▶ _EXERCISE REQUIREMENTS_
Word for word, repeat the data; no picture should appear in the result.

▶ _INFORMATION SHOWN_

'''

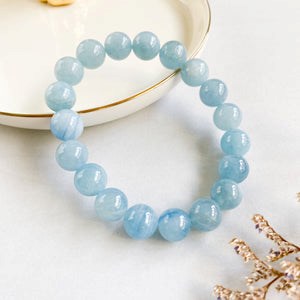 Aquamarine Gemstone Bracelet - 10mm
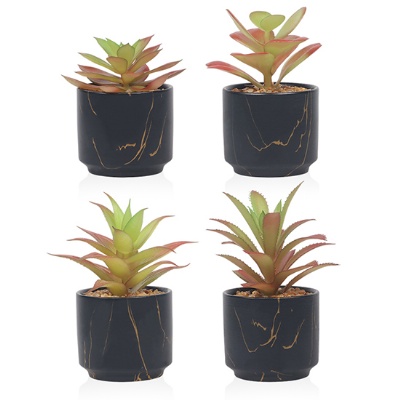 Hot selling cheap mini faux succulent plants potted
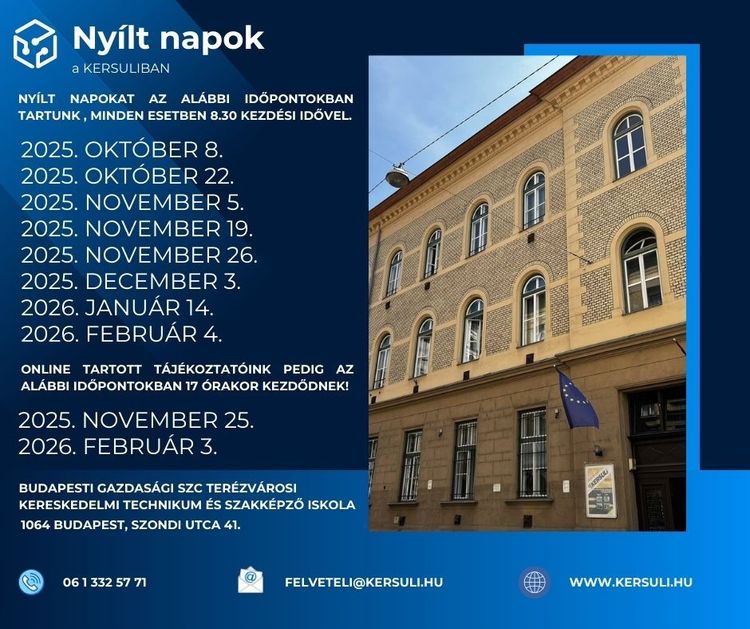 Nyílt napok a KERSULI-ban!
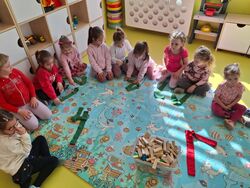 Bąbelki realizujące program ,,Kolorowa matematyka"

'''

▶ _ANSWER FOR THIS EXERCISE_
 Aquamarine Gemstone Bracelet - 10mm
 Hot selling cheap mini faux succulent plants potted
 Nyílt napok a KERSULI-ban!
 Bąbelki realizujące program ,,Kolorowa matematyka"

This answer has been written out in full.